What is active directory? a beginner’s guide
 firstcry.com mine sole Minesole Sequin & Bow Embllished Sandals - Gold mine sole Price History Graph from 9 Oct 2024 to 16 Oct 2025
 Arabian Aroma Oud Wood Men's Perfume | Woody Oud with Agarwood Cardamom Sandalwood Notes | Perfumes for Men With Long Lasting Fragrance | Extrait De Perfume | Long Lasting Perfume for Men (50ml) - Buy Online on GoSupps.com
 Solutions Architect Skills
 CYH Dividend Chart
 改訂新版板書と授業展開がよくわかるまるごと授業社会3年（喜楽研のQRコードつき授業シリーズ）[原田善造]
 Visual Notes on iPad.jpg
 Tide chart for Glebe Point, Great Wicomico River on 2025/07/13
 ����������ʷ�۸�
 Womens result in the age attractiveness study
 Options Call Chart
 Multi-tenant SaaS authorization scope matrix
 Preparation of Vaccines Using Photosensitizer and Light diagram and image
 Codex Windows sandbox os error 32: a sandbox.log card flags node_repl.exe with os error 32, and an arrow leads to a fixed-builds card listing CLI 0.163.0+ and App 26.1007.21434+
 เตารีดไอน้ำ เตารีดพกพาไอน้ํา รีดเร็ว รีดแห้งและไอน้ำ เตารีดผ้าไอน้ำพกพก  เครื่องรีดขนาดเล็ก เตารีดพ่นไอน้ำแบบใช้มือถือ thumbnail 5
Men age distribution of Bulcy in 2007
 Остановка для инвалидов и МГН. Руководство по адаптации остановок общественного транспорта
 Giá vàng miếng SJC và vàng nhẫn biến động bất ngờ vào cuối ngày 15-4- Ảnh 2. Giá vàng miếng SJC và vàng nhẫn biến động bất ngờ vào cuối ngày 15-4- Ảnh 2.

▬▬▬

◆ YOUR ASSIGNMENT ◆
Repeat the entries exactly as they appear.

◆ SOLUTION FOR THIS EXERCISE ◆
What is active directory? a beginner’s guide
 firstcry.com mine sole Minesole Sequin & Bow Embllished Sandals - Gold mine sole Price History Graph from 9 Oct 2024 to 16 Oct 2025
 Arabian Aroma Oud Wood Men's Perfume | Woody Oud with Agarwood Cardamom Sandalwood Notes | Perfumes for Men With Long Lasting Fragrance | Extrait De Perfume | Long Lasting Perfume for Men (50ml) - Buy Online on GoSupps.com
 Solutions Architect Skills
 CYH Dividend Chart
 改訂新版板書と授業展開がよくわかるまるごと授業社会3年（喜楽研のQRコードつき授業シリーズ）[原田善造]
 Visual Notes on iPad.jpg
 Tide chart for Glebe Point, Great Wicomico River on 2025/07/13
 ����������ʷ�۸�
 Womens result in the age attractiveness study
 Options Call Chart
 Multi-tenant SaaS authorization scope matrix
 Preparation of Vaccines Using Photosensitizer and Light diagram and image
 Codex Windows sandbox os error 32: a sandbox.log card flags node_repl.exe with os error 32, and an arrow leads to a fixed-builds card listing CLI 0.163.0+ and App 26.1007.21434+
 เตารีดไอน้ำ เตารีดพกพาไอน้ํา รีดเร็ว รีดแห้งและไอน้ำ เตารีดผ้าไอน้ำพกพก  เครื่องรีดขนาดเล็ก เตารีดพ่นไอน้ำแบบใช้มือถือ thumbnail 5
Men age distribution of Bulcy in 2007
 Остановка для инвалидов и МГН. Руководство по адаптации остановок общественного транспорта
 Giá vàng miếng SJC và vàng nhẫn biến động bất ngờ vào cuối ngày 15-4- Ảnh 2. Giá vàng miếng SJC và vàng nhẫn biến động bất ngờ vào cuối ngày 15-4- Ảnh 2.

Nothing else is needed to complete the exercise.